─── Dataset content ───

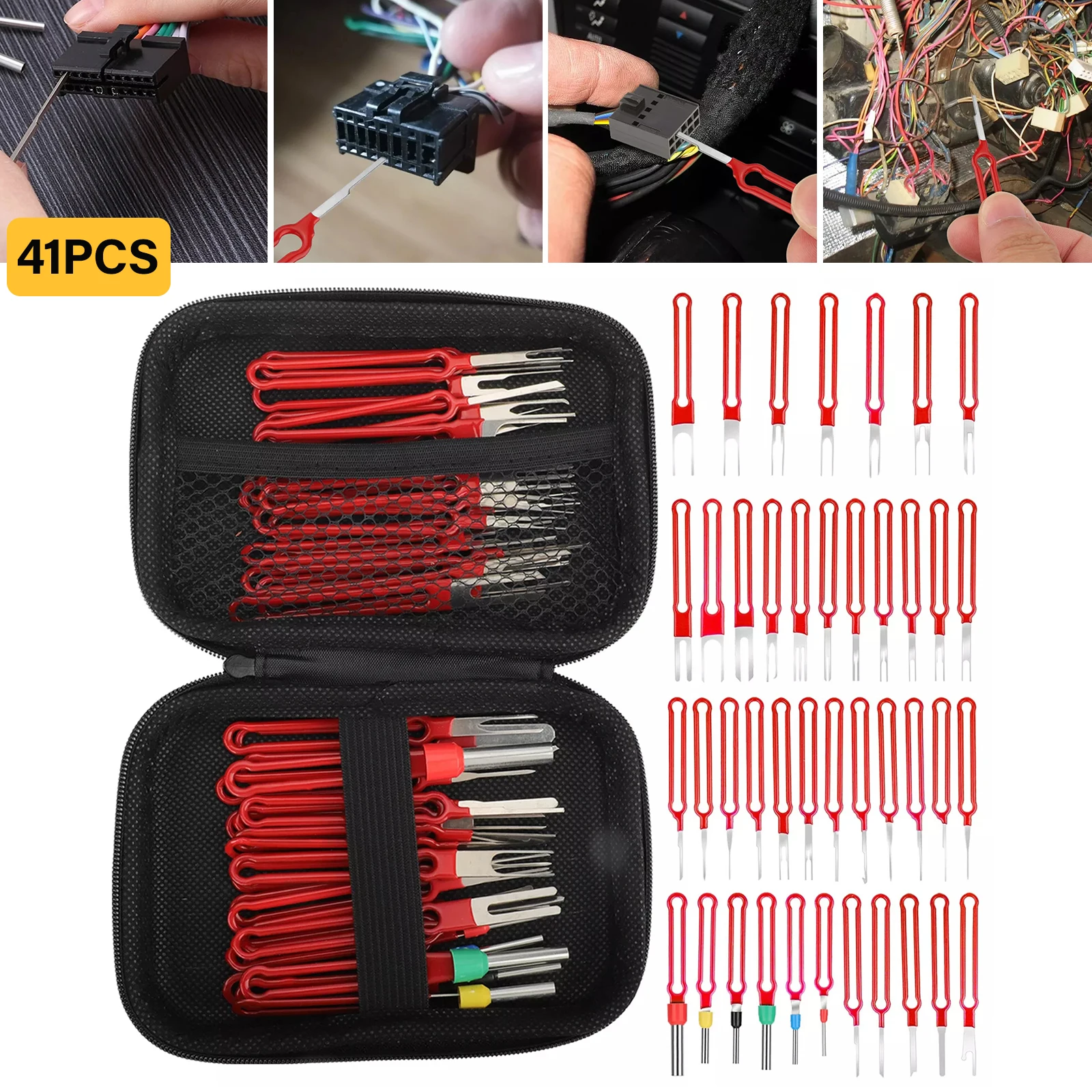 41Pcs Car Terminal Removal Tools Kit Box Wire Plug Connector Extractor Puller Release Pin Extractor Terminal Plug Repair Tools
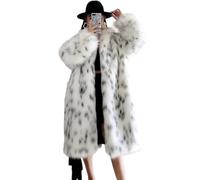 EsukAr Frauen Winter Faux Fuchs Pelzmantel, Dame Lässig Schnee Leopard Print Pelz Jacke, Dicke Warme Mitte Lange Plüsch Oberbekleidung,Leopard,L
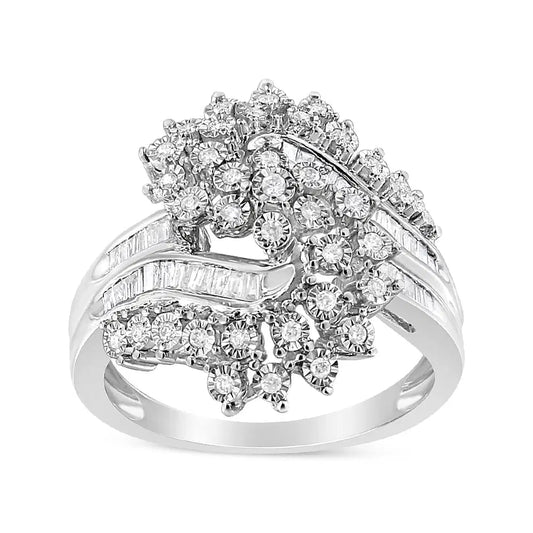 10K White Gold 1/2 Cttw Round and Baguette-Cut "S" Shaped Bypass Cocktail Ring (I-J Color, I1-I2 Clarity) - Size 6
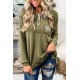 Green Waffle Elbow Patch Buttoned Long Sleeve Top Green Waffle Elbow Patch Buttoned Long Sleeve Top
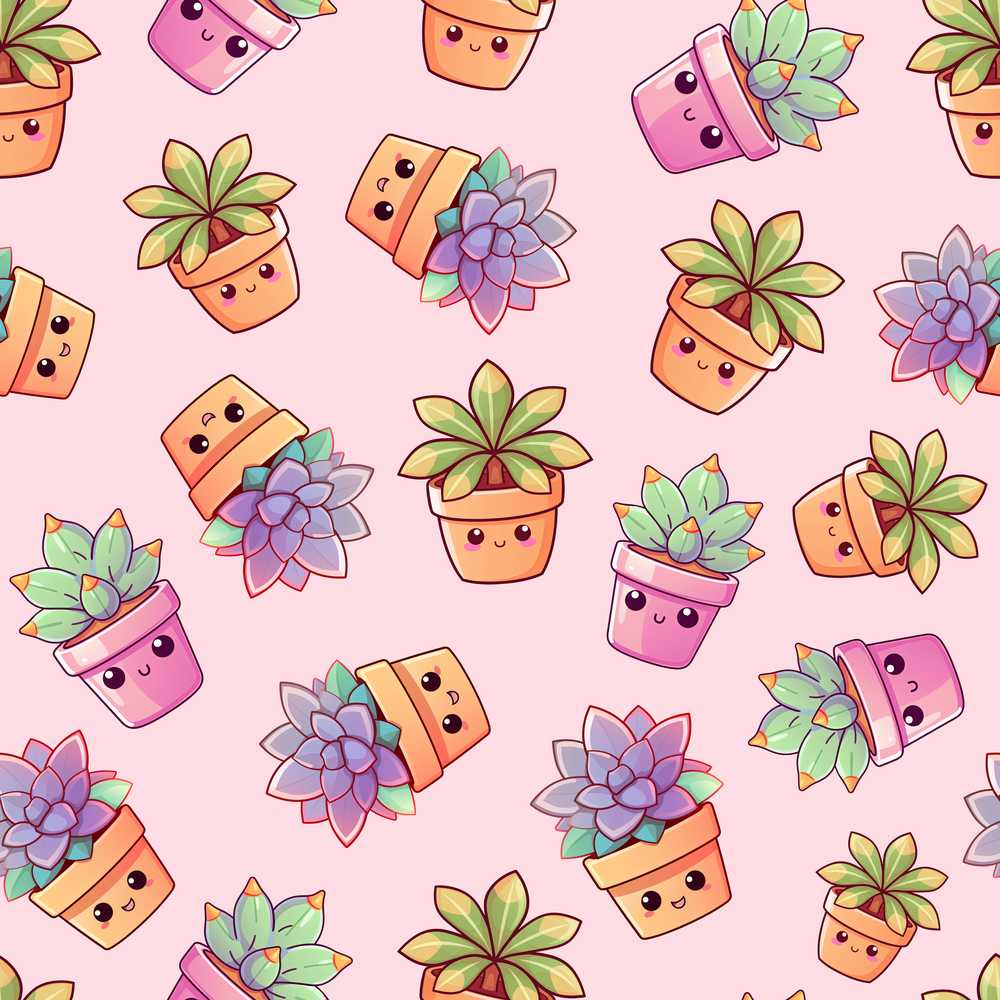 Cute Kawaii Succulent Plant Pots Pastel Pink Background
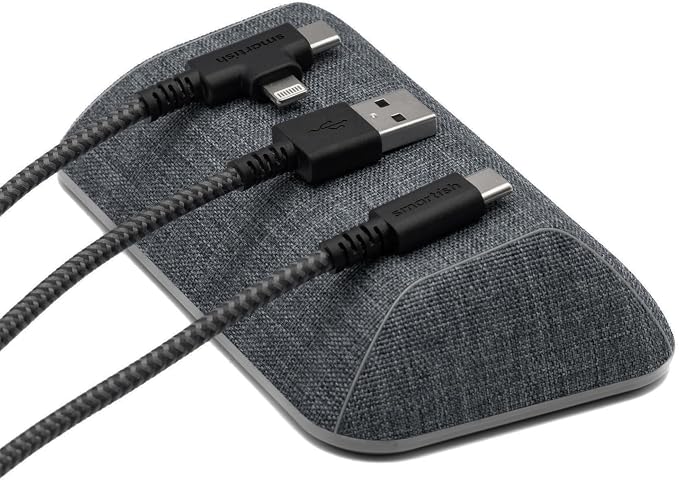Smartish Magnetic Cord Holder, Bigger Cable Wrangler, Office Desk Organizer | Holds 8 Cords, 2 Cable Clips, Weighted Base, Charger Keeper, Phone Charging Cable Management, Nightstand Accessories, Gray
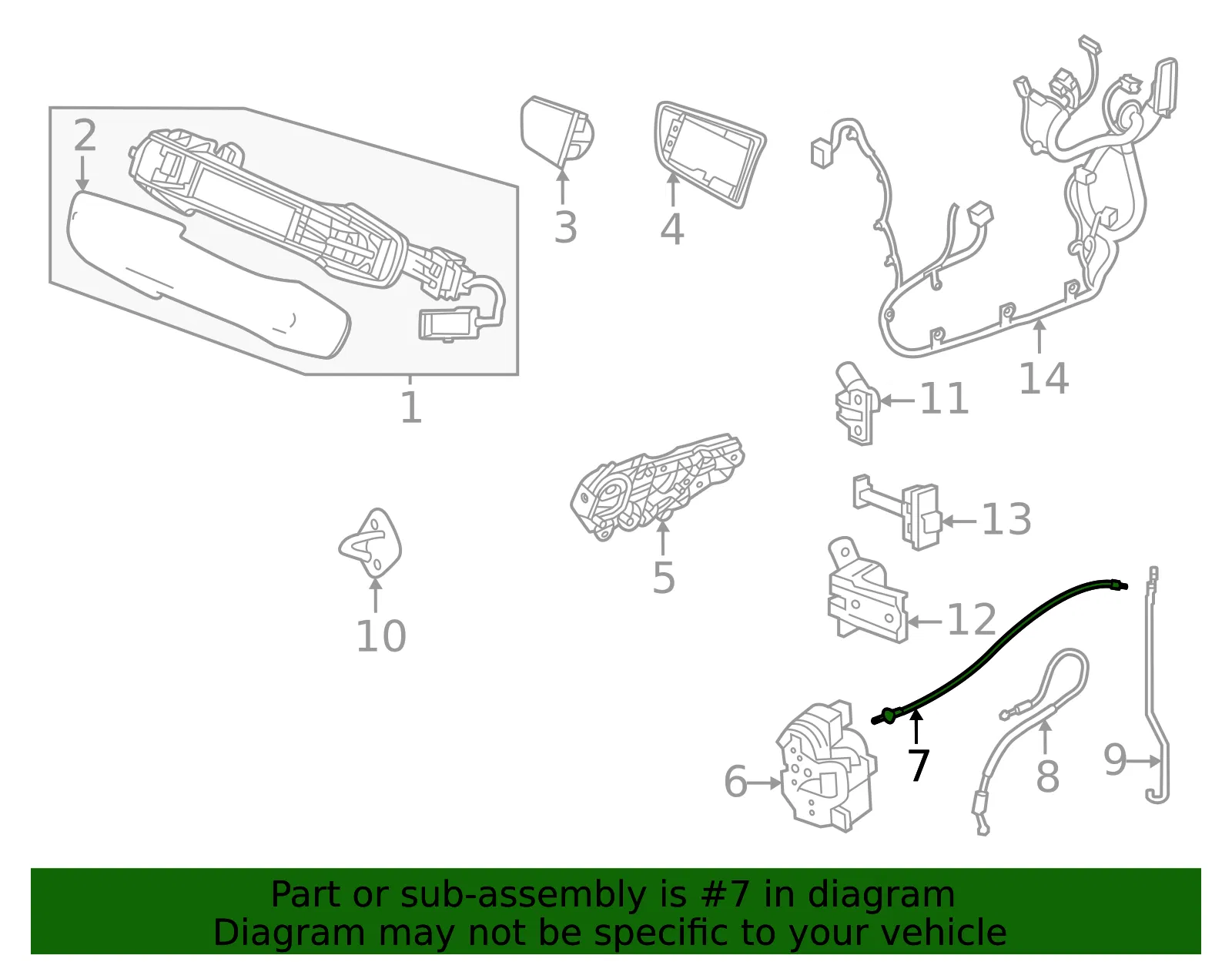 Door Latch Cable - GM (26344283) - view 3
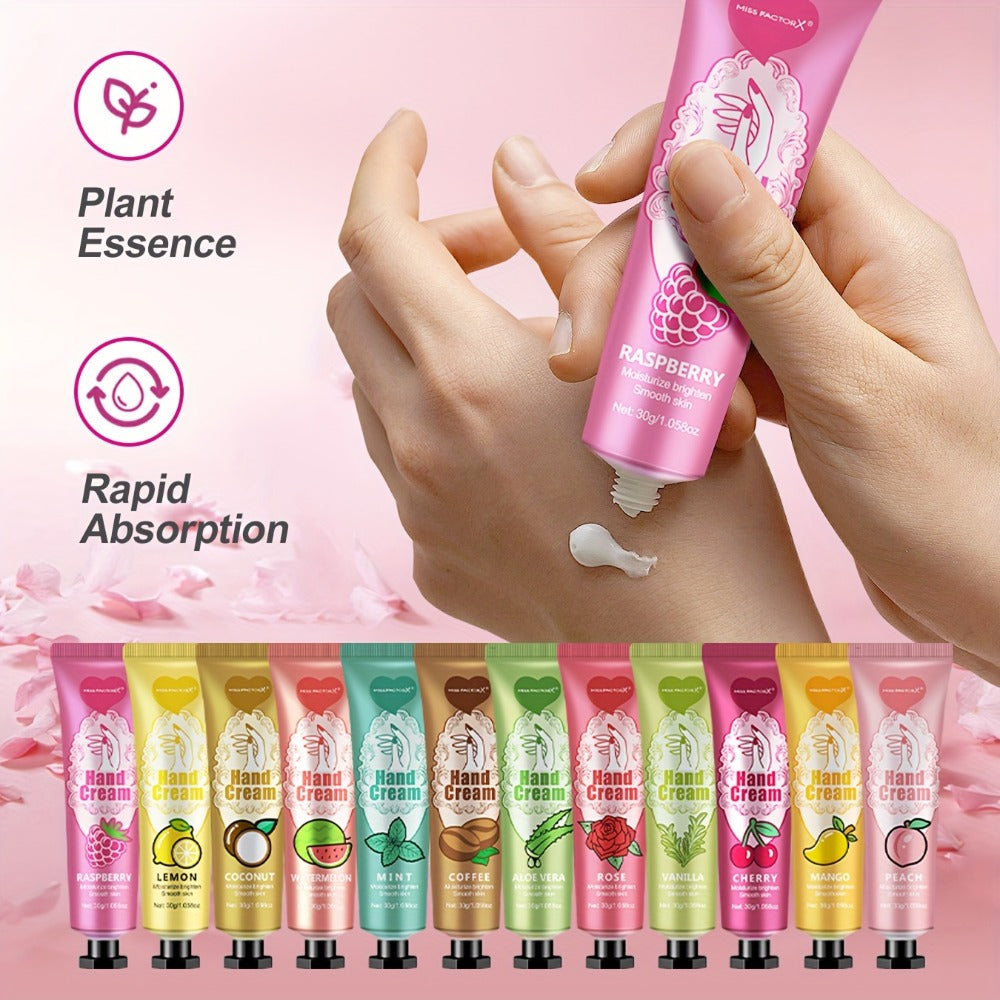 48pcs/Sets Hand Cream & Lip Balm Gift Sets - Perfect For Wedding, Friend Gatherings, Or As A Party Favor! Includes 12pcs Hand Cream, 12pcs Lip Balm, 12pcs White Heart-Shaped Hot Stamping Yarn Bags, And 12pcs Thank You Cards. Mother'S Day Gift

───

--- Instructions for the task ---
Are you able to set down all the lines above exactly, without any pictures?

--- Task result ---
 41Pcs Car Terminal Removal Tools Kit Box Wire Plug Connector Extractor Puller Release Pin Extractor Terminal Plug Repair Tools
 EsukAr Frauen Winter Faux Fuchs Pelzmantel, Dame Lässig Schnee Leopard Print Pelz Jacke, Dicke Warme Mitte Lange Plüsch Oberbekleidung,Leopard,L
 10K White Gold 1/2 Cttw Round and Baguette-Cut "S" Shaped Bypass Cocktail Ring (I-J Color, I1-I2 Clarity) - Size 6
 Green Waffle Elbow Patch Buttoned Long Sleeve Top Green Waffle Elbow Patch Buttoned Long Sleeve Top
 Cute Kawaii Succulent Plant Pots Pastel Pink Background
Smartish Magnetic Cord Holder, Bigger Cable Wrangler, Office Desk Organizer | Holds 8 Cords, 2 Cable Clips, Weighted Base, Charger Keeper, Phone Charging Cable Management, Nightstand Accessories, Gray
 Door Latch Cable - GM (26344283) - view 3
 48pcs/Sets Hand Cream & Lip Balm Gift Sets - Perfect For Wedding, Friend Gatherings, Or As A Party Favor! Includes 12pcs Hand Cream, 12pcs Lip Balm, 12pcs White Heart-Shaped Hot Stamping Yarn Bags, And 12pcs Thank You Cards. Mother'S Day Gift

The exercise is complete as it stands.